Tam-Sanh Nguyen - Writing and Scaling Collaborative Data Pipelines with Kedro

Learn how to write and scale collaborative data pipelines with Kedro, a framework that simplifies and standardizes data pipelines, making them more maintainable and scalable.

Key takeaways
  • Data pipelines start small, but can grow to become complex and challenging to maintain.
  • Kedro is a framework that helps to simplify and standardize data pipelines, making them more maintainable and scalable.
  • Kedro provides a configuration system that allows for easy modification of pipeline behavior.

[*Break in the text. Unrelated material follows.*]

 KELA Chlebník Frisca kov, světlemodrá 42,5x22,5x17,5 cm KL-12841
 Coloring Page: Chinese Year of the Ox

  • Pipelines can be complex and difficult to visualize, but Kedro provides tools to help with this.
  • Data pipelines require a balance between data engineering and data science, and Kedro helps to facilitate this.
  • Kedro allows for easy deployment and sharing of pipelines, and provides mechanisms for tracking and managing pipeline versions.
  • Kedro is designed to be extensible, and is compatible with other tools and technologies such as React and Airflow.
  • Data pipelines are often difficult to maintain because they lack standardized organization and structure, and Kedro addresses this.
  • Kedro provides a standardized way of organizing and naming pipeline components, making it easier to understand and work with complex pipelines.
  • Data pipelines can be viewed as a form of “altruistic programming”, where the code is written with the intention of making it easy for others to understand and extend.
  • Kedro aims to promote a culture of collaboration and standardized practices in the field of data engineering and science.
  • Data pipelines can be thought of as a form of “audio engineering”, where the goal is to extract meaningful insights from raw data, and Kedro provides tools to help with this.
  • Kedro is designed to be flexible and adaptable, allowing it to be used in a variety of different contexts and applications.